IT WAS CALLED the Fairmont Hotel. These words I remember clearly from the entrance way. I had been standing in the parking lot there, for whatever reason, when a black van pulled up and a group of armed men jumped out. Maybe they were border patrol? Or were involved in busting some drug trafficking ring? Or maybe someone had bombed another Tesla? Whatever the case, it didn’t seem like the kind of place you wanted to just hang out. It was a hot day too, and I found the air-conditioned lobby of the hotel offered up cool sanctuary. More men with guns headed in one direction and I headed in the other, passing the many posh hotel guests.
Until I found myself in Annikki’s kitchen, where she was preparing food. I was standing in the dimly-lit space, with my hands on the counter. She was chopping onions and carrots, and at the center of the kitchen a big pot of soup was boiling away on the stove. Annikki had on her blue dress, with its white pattern, so that it looked as if she had clothed herself in a patch of sky. She had been attending various therapy courses and we were talking and talking about relationships, and the onions were sliced and fed into the bubbling pot. She did this in a rather matter-of-fact way, with her blonde hair pulled back and brow furrowed. “But Annikki,” I said. “All we do now is talk. We spend all of our time talking. Won’t you just let me give it to you?”

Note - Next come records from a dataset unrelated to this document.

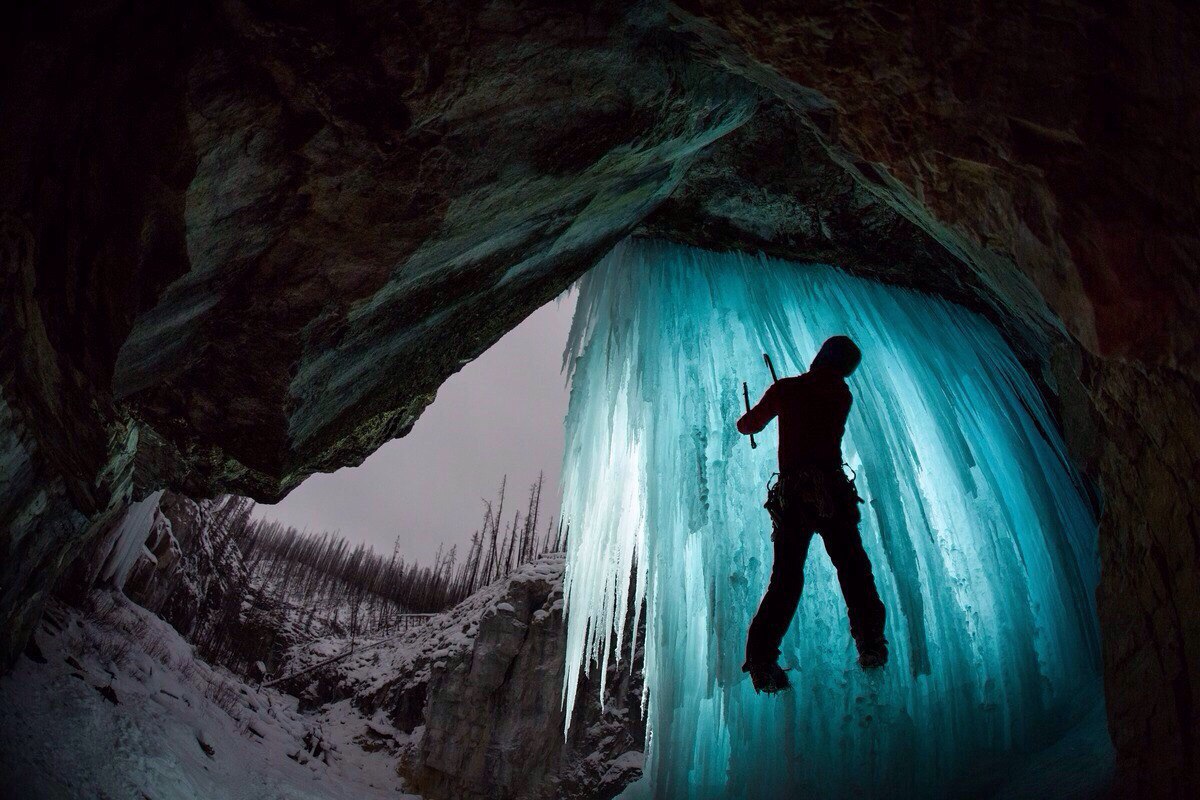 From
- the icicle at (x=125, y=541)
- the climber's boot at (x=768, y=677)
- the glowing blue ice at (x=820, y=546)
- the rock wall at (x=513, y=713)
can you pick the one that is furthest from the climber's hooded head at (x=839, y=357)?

This produced no word in response, but one light eyebrow arched up as if she was evaluating different service packages at a car wash. Annikki replied, with a shrug, “Why not try?” There was a small bed fitted on one of the kitchen countertops and we lied in it. I felt very warm lying there next to her and my body came to life. It took some real talent to uncover that right breast from its hiding place beneath the dress fabric and the lacy bra underneath. When I at last came face to face with it, I admired it, as one might admire a new find in an ancient Egyptian tomb. This is what she had been hiding from me all this time? Gradually, I sank into it, as one might ease into a bioluminescent bay. All of these secrets rippling before me, making sublime patterns in the water. I heard Annikki sigh. She too seemed to be floating and drifting.
Then came a pounding at the door. I was afraid it was going to wake up her brood of kids. Another knock. A little boy’s voice could be heard from the other room. “Mommy?” he said. “It’s nothing, kallis.” “Open up!” a man’s voice could be heard. “Open up now! This is the police!”